Richard Desmond 'plans National Lottery bid'

Richard Desmond Image copyright Reuters
Image caption Richard Desmond is chairman of Northern and Shell

Richard Desmond, the owner of the Daily and Sunday Express newspapers, plans to bid for the right to run the National Lottery when it comes up for renewal.

The plans by Mr Desmond, who runs the Health Lottery, have been reported in the Financial Times.

Camelot has held the UK's lottery franchise since it was set up in 1994.

A challenge to its monopoly would be the first since Sir Richard Branson's Virgin Group failed to win the franchise in 2000.

Camelot has the right to run the National Lottery until 2023 - after securing a four-year extension to its contract in 2012. It expected the franchise renewal process will begin in 2019.

A bid would be made through Mr Desmond's company, Northern and Shell, which owns his newspaper and magazine titles.

He has run the loss-making Health Lottery since 2011. It is not a national lottery but a collection of 51 local society lotteries that raise funds for health-related good causes.

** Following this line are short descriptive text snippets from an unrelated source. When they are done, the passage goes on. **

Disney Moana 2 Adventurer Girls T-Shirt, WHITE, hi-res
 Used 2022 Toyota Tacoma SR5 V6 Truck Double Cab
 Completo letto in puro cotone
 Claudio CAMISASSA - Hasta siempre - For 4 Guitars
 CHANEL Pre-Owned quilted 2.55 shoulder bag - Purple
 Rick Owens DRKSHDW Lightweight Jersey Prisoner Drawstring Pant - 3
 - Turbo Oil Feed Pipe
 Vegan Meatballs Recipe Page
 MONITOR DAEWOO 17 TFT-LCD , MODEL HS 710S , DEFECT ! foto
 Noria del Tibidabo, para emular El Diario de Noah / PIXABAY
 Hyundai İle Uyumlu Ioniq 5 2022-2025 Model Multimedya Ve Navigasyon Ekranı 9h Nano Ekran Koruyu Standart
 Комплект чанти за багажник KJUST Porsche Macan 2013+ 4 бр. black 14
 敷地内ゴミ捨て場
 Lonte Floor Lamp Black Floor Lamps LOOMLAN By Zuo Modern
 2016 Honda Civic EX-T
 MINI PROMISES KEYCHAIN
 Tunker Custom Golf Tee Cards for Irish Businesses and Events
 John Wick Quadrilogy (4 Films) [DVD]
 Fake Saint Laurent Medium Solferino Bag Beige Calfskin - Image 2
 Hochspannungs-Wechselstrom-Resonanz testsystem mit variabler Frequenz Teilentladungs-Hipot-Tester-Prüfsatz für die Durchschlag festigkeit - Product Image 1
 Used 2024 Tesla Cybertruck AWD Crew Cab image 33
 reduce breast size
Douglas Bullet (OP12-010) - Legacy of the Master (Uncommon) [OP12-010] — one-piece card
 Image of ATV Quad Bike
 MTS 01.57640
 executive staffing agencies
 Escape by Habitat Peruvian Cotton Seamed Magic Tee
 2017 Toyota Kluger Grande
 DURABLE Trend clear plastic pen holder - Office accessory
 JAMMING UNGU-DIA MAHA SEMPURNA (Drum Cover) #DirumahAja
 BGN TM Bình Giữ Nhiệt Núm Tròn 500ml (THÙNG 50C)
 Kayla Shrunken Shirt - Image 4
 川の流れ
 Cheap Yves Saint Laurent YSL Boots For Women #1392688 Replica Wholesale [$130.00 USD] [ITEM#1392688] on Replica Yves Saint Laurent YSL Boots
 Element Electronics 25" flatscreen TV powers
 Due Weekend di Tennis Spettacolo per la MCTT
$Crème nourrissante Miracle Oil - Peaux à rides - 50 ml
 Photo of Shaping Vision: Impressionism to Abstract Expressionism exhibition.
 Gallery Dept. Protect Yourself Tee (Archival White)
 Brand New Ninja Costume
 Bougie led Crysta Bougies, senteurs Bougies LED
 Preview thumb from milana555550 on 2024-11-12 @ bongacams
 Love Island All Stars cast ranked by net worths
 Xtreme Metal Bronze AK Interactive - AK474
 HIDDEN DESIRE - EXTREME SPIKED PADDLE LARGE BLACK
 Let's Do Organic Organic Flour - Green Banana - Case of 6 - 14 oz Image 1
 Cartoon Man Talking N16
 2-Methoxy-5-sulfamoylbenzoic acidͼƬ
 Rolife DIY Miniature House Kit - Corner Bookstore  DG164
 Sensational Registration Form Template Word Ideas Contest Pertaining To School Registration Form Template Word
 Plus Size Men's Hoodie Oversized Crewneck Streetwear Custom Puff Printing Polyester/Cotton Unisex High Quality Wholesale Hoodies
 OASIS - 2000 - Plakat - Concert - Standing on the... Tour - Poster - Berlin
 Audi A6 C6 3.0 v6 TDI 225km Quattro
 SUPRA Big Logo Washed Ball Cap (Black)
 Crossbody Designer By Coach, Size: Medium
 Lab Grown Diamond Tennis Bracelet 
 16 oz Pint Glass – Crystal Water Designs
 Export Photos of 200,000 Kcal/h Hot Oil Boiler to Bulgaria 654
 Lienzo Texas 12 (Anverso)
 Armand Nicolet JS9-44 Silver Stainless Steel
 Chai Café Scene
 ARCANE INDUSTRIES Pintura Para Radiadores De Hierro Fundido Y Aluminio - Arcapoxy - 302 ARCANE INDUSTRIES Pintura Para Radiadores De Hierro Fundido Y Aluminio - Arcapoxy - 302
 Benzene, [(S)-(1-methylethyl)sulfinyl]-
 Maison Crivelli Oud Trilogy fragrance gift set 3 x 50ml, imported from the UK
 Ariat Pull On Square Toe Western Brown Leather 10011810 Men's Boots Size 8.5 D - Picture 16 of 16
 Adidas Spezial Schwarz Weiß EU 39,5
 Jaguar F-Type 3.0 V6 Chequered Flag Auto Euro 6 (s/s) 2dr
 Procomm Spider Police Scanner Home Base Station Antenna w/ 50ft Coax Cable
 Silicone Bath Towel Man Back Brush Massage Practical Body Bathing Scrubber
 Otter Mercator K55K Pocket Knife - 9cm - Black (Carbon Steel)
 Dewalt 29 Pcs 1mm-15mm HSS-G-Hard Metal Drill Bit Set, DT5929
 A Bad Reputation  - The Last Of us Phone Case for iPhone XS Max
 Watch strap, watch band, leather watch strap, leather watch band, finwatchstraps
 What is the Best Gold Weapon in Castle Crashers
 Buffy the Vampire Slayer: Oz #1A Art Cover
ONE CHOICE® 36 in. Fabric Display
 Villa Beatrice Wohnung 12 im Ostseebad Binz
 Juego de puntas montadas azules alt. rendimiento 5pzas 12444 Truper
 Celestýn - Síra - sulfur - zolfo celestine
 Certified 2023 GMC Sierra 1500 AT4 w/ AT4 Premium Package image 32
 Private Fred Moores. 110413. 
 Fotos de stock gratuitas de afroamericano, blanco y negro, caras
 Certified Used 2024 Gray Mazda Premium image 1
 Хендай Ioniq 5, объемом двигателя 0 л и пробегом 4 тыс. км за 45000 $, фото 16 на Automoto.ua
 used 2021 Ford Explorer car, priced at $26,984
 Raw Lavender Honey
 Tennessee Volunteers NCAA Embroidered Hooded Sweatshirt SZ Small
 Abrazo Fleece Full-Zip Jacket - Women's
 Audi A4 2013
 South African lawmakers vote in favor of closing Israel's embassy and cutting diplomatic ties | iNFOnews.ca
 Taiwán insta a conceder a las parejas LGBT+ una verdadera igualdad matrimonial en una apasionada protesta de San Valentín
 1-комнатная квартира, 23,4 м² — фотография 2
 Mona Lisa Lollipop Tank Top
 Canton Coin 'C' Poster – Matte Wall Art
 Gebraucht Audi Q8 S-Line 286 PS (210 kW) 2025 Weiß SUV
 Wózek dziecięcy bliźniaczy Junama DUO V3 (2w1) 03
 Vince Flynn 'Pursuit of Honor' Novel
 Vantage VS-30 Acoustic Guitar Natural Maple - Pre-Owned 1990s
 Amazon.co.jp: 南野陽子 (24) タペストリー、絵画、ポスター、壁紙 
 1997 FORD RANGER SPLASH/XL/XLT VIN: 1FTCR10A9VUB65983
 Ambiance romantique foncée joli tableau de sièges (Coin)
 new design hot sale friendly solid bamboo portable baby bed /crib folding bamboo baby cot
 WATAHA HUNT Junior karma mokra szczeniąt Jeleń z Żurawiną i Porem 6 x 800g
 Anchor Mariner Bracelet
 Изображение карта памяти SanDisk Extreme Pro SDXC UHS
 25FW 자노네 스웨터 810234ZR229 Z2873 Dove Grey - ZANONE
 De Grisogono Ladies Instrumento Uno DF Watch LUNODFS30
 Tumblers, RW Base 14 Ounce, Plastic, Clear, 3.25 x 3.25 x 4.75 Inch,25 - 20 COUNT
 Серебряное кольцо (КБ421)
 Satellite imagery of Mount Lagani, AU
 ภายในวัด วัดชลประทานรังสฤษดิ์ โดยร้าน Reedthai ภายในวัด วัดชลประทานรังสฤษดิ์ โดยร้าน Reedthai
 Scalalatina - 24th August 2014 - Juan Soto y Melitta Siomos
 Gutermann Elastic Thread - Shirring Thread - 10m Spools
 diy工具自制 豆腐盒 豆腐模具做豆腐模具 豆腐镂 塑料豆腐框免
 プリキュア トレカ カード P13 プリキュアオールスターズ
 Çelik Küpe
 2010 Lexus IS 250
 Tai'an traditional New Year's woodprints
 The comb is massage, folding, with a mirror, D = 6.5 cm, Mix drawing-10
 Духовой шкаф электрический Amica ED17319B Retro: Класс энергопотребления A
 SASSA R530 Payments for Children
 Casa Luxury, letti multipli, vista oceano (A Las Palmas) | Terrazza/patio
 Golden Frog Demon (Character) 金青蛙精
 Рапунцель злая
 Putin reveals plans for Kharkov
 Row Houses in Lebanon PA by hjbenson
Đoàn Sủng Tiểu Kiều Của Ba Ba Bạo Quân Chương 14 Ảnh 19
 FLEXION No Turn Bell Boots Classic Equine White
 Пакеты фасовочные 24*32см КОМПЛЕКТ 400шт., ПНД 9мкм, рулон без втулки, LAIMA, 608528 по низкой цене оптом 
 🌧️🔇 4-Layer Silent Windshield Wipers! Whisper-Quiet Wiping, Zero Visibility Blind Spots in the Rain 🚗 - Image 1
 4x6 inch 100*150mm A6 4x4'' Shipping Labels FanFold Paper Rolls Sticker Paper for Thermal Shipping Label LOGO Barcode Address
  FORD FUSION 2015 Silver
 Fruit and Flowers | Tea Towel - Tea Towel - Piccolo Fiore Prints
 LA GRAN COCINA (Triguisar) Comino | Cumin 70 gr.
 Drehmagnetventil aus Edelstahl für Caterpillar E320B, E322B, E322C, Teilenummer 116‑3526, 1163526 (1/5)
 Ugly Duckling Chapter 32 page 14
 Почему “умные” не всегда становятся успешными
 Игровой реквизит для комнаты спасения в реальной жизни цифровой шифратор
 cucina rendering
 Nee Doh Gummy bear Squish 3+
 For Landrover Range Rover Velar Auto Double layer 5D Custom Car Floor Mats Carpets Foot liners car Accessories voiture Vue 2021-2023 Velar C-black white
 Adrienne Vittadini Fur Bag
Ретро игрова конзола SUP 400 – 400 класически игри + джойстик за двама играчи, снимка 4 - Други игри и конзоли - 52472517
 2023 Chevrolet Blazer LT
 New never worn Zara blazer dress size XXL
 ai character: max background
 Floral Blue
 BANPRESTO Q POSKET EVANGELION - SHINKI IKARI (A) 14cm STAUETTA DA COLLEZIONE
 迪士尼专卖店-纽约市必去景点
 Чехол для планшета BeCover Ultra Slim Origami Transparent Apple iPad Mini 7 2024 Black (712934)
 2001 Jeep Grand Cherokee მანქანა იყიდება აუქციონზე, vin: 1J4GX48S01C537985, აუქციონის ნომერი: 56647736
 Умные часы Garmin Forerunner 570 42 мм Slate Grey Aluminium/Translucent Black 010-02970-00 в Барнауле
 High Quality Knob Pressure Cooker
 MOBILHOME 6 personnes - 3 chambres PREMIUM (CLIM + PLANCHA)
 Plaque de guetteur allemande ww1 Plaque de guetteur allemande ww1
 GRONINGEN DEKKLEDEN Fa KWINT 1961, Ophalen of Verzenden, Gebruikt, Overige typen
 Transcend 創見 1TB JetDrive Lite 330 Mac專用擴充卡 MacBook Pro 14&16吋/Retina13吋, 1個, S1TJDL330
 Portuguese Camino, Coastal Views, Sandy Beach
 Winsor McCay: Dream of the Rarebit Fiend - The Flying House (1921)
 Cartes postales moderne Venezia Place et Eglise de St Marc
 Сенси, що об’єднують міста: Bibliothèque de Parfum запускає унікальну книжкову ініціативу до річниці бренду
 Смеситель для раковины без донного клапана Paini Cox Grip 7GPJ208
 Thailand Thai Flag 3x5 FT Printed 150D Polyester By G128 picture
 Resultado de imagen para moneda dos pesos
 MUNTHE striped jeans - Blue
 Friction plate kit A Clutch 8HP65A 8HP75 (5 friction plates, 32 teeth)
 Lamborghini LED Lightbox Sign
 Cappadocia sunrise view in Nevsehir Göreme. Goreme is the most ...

However, they collectively pay out less in winnings than the National Lottery.

Camelot failed in a 2012 High Court bid to have the Gambling Commission's licence for the Health Lottery revoked.

Martin Ellice, joint managing director of Northern and Shell, told the FT the company would make a bid, saying: "We're in the lottery business now."

Mr Desmond sold Channel 5 to Viacom, the MTV and Nickelodeon owner, for £450m in 2014 and is in talks with the Mirror Group to sell the Express and Star titles.

Ontario Teachers' Pension Plan, one of Canada's biggest pension funds, bought Camelot for £389m in 2010.

Northern and Shell is expected to highlight its UK ownership in its bid.

Paul Ashford, the company's group editorial director, told the FT: "The British people would not mind a British company doing the British lottery."

Earlier this year Camelot announced a strategic review after ticket sales fell by 8.8% to just under £7.6bn for the 12 months to 31 March.

Camelot has argued that greater competition would reduce the share of ticket sales that go to winners, good causes and in tax. That figure stood at 95%, the company said.

The National Lottery has awarded more than £63bn in prize money, making some 4,600 people millionaires.

Camelot declined to comment further.

Northern and Shell could not be reached by the BBC.

The BBC broadcast the Saturday National Lottery draws on BBC One until January this year, but now shows them on iPlayer.

The National Lottery Awards, which recognises recipients of National Lottery Good Causes funding, will continue to be shown on BBC One.